Zheng Jing, Chen Wenyuan, Xiao Hao, Yang Fan, Song Jingdong, Cheng Lingpeng, Liu Hongrong
Institute of Interdisciplinary Studies, Key Laboratory for Matter Microstructure and Function of Hunan Province, Key Laboratory of Low-dimensional Quantum Structures and Quantum Control, School of Physics and Electronics, Hunan Normal University, Changsha 410082, China.
Institute of Interdisciplinary Studies, Key Laboratory for Matter Microstructure and Function of Hunan Province, Key Laboratory of Low-dimensional Quantum Structures and Quantum Control, School of Physics and Electronics, Hunan Normal University, Changsha 410082, China; State Key Laboratory of Infectious Disease Prevention and Control, National Institute for Viral Disease Control and Prevention, Chinese Center for Disease Control and Prevention, Beijing 100052, China.

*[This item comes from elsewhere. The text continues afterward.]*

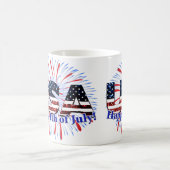 Amerikaanse tekstvlag glitters vuurwerk Happy 4 ju Koffiemok (Center)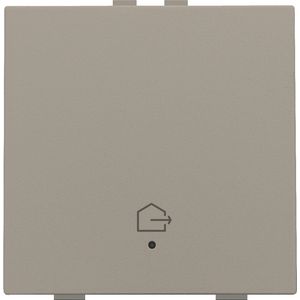 Enkelv. drukknop led symbool "woning verlaten" bronze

J Mol Biol. 2023 Oct 15;435(20):168258. doi: 10.1016/j.jmb.2023.168258. Epub 2023 Sep 1.
Bacteriophage tail fibers (or called tail spikes) play a critical role in the early stage of infection by binding to the bacterial surface. Podophages with known structures usually possess one or two types of fibers. Here, we resolved an asymmetric structure of the podophage GP4 to near-atomic resolution by cryo-EM. Our structure revealed a symmetry-mismatch relationship between the components of the GP4 tail with previously unseen topologies. In detail, two dodecameric adaptors (adaptors I and II), a hexameric nozzle, and a tail needle form a conserved tail body connected to a dodecameric portal occupying a unique vertex of the icosahedral head. However, five chain-like extended fibers (fiber I) and five tulip-like short fibers (fiber II) are anchored to a 15-fold symmetric fiber-tail adaptor, encircling the adaptor I, and six bamboo-like trimeric fibers (fiber III) are connected to the nozzle. Five fibers I, each composed of five dimers of the protein gp80 linked by an elongated rope protein, are attached to the five edges of the tail vertex of the icosahedral head. In this study, we identified a new structure of the podophage with three types of tail fibers, and such phages with different types of fibers may have a broad host range and/or infect host cells with considerably high efficiency, providing evolutionary advantages in harsh environments.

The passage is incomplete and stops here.